Who benefits from such a policy? Well, the College's administration clearly does, being subject to less potent criticism, but also does the administration's chief information service, the Daily Dartmouth. With its distribution racks all over campus, the Daily D is the only publication that will see its reach unaffected by this policy (and will benefit, comparatively, as other publications find it harder to reach on-campus readers). It will also, like the administration, benefit from less criticism. In short, this policy will give the College license to pursue the publishers of any publication with which it disagrees while allowing the distribution of others.

And, conversely, who is harmed? If Redman does allow informal (within one's dorm) distribution, then the biggest losers will be students who hold minority viewpoints. The College is effectively saying that for a publication, flyer, or leaflet to reach the entire campus, it must have the support of a certain number of students (however many dorms or clusters there are). Whether an opinion is actively unpopular or simply as yet unknown, its proponents will not be able to reach students as easily or as effectively as those who espouse ideas with broader support. This is directly counter to the liberalism that the College professes to hold. Of course, the biggest losers will be students themselves, whose intellectual lives will be that much less rich for not having been exposed to dissenting points of view.

The College can make a clear distinction between student publications and commercial enterprises which hire students to make deliveries. It might simply examine publishers' for-profit or non-profit status. That Dean Redman chooses not to make this simple determination exposes yet again his disregard for student dissention and speech rights.

The purpose of dorm locking is to protect students.

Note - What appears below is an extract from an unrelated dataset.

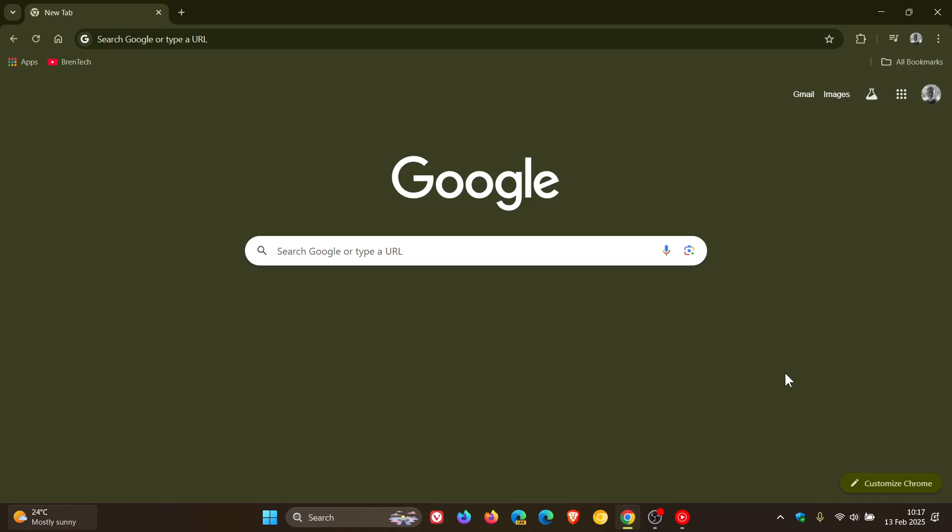Hi, Brent Tech here, where Tech is made simple. So we have our weekly Google Chrome security updates that have been made available, which once again rolled out late yesterday in my part of the world on the 12th of February.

How the banning of deliveries relates to safety is the real issue. The only reason to limit food deliveries is to keep people from entering the dorms who wouldn't normally be able to. That group doesn't include students, who already have access. A strong case can be made that letting students deliver food would lead student employees of local establishments to lend their ID's to non-student employees for delivery purposes, justifying a ban on all deliveries. But this has no applicability to publications which are operated entirely by students. Banning Free Press deliveries won't have the slightest impact on the possibility of an assault at Dartmouth, which is the entire rationale for door locks in the first place.

Moreover, locking dorms doesn't increase safety. At best, it creates the illusion of safety for those who want it for just as long as there isn't another incident in the dorms. At that point even the illusion will be gone. In return for this immense benefit, Dartmouth is about to cut off a large portion of the intellectual ferment among students by limiting access to student publications and drastically reduce students knowledge of what goes on in the world. Plus, there's the added perk of having their movements constantly recorded.